Am Südrand des Tanks liegt das 1815 entstandene Kenotaph des Maharajas Bakhtawar Singhji und seiner Gemahlin Moosi Rani, die als Sati mit ihm verbrannt wurde. Der aus Sandstein und Marmor bestechende Bau ist, wie auch die Gestaltung des angrenzenden Tanks, ein schönes Beispiel für die Rajaputenarchitektur in ihrer letzten, bereits manieriert wirkenden Phase.

Alwar-Women

Dadhikar-Fort-Alwar

Frauen aus dem Laden nähe Alwar

Dadhikar-Fort-Alwar

13 Kilometer von Alwar entfernt liegt der lauschige Siliserh-See, der einst über einen Aquädukt die Gärten der Stadt bewässerte. Ein malerischer Wasserpalast lädt zu beschaulichen Abenden am dunklen See ein, in dem sich nach Sonnenuntergang die Konturen der umliegenden Hügel verlieren. Die Vögel lassen sich am besten in den frühen Morgenstunden oder am Abend beobachten.
Alwar ist eine Stadt voller Paläste, Gärten und Museen, über die sich die Festungsanlage Bala Qila auf einem steilen Felsrücken erhebt. Die Zufahrt nach Bala Qila ist nur mit dem Jeep über einen holprigen Weg und nur mit der besonderen Genehmigung des Polizeichefs von Alwar möglich. (Er hat sein Büro im Alwar City Palace und wird Ihnen gerne die Besuchererlaubnis erteilen.) Auf dem Weg zur Festungsanlage liegt die Ruinenstadt Ravana Devra verlassen am Fuße des Höhenrückens.
Der prächtige Stadtpalast markiert das Zentrum der Altstadt.
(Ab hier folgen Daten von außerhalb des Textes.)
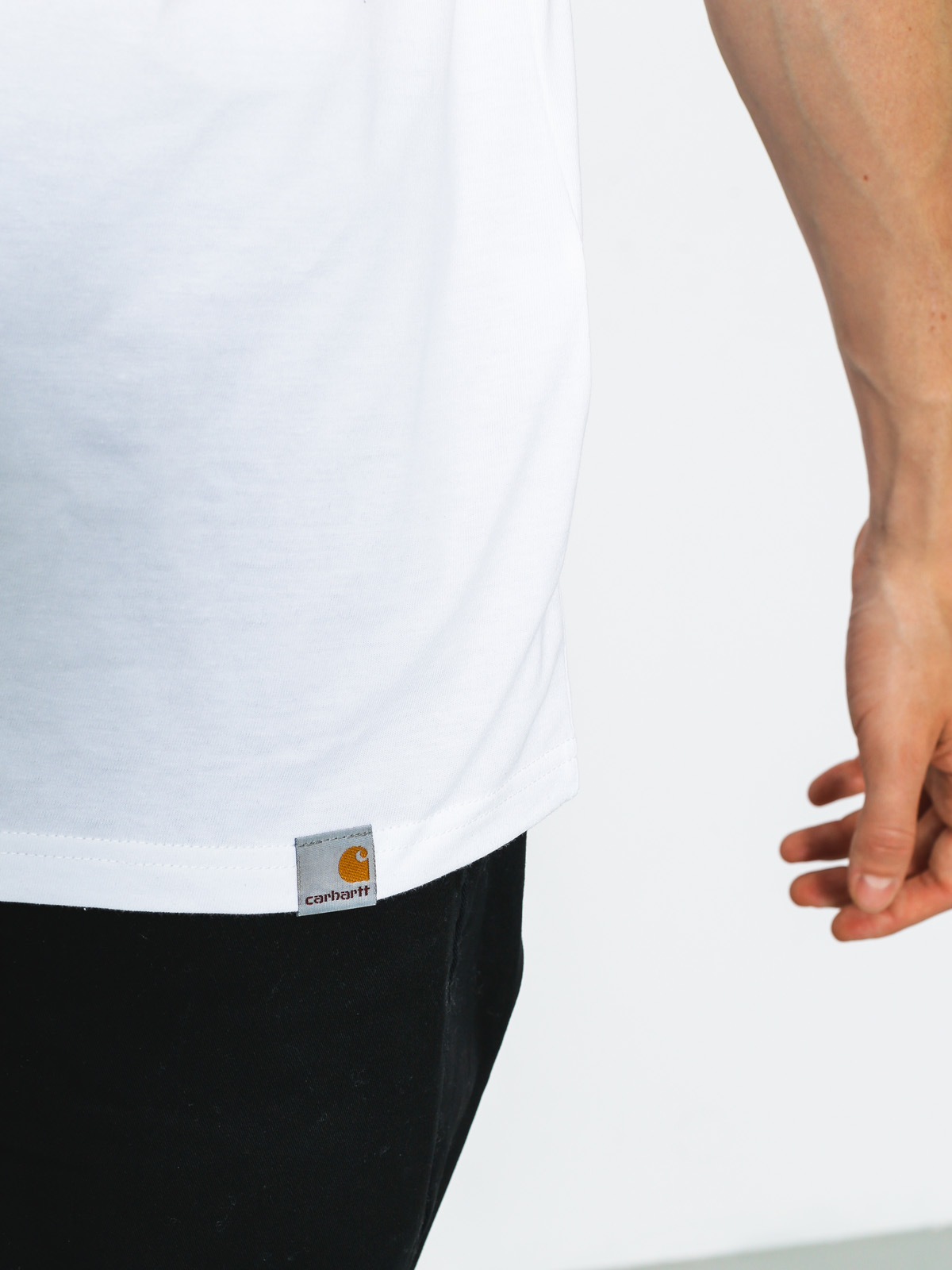 Carhartt T-shirt Puzzle (white)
In dem Gebäude sind heute die Büros der Distriktverwaltung von Alwar untergebracht. Einige Palastbereiche, wie etwa die Durbar-Halle, können mit einer Besuchererlaubnis besichtigt werden. Die Extravaganz der früheren Herrscher von Alwar zeigt sich vor allem im Museum im obersten Stockwerk des Palastes. Unter den Ausstellungsstücken finden sich seltene Handschriften, Waffen, Ministurmalereien und wertvolle Kunstgegenstände.
Das Stadtpalast-Museum gibt einen herrlichen Blick auf das Moosi Maharani ki Chhatri frei, ein Ehrengrabmal, das als Meisterwerk der indo-islamischen Baukunst gilt. Die Gedenkstätte trägt den Namen der Frau eines früheren Herrschers, die hier das sati vollzog, d.h. sich nach dem Tode ihres Gemahls verbrannte. Vinay Vilas Mahal und Company Bagh zählen zu den schönsten Gärten Alwars. Beide Parkanlagen erhielten früher ihr Wasser über den Siliserh-Aquädukt, der jetzt leider völlig dem Verfall preisgegeben ist.
Sehenswert sind auch der alte Bahnhof und Gateh Jung Gumbad mit ihrem herrlichen Maßwerk. Der Vijay-Mandir-Palast war die Residenz der ersten Prinzen von Alwar. Er gibt interessante Einblicke in das Leben seiner blaublütigen Bewohner.
Am Stadtausgang an der Straße nach Jaipur erhebt sich die Moti-Doongri-Festung. die von Jai Singh, dem exzentrischen, aber in Alwar sehr beliebten Herrscher, erbaut wurde.
 

Festungsmauern in Alwar (Reisebericht)
Exotik nenne ich das tägliche, oft genug steinharte Brot derer, denen ich selbst Fremder bin. Exotik, so lerne ich in der Fremde, beflügelt meine Phantasie. Die alte Festung im Rücken, saß ich auf dem Hügel über der Stadt und ließ meine herabbaumeln. Daheim hätte ich sicher nichts Außergewöhnliches erwartet, hätte die Aussicht genossen und schließlich den Rückweg angetreten, so wie ich gekommen war. Hier jedoch saß ich auf einem indischen Hügel, war umgeben von indischem Alltag, von dem also, was ich Exotik nenne. Die lässig herabbaumelnden Beine gaben meinem Äußeren das, was meine innere Erwartung nicht teilen konnte. So war ich nicht erschrocken, als ich plötzlich hinter mit eine kräftige Stimme hörte.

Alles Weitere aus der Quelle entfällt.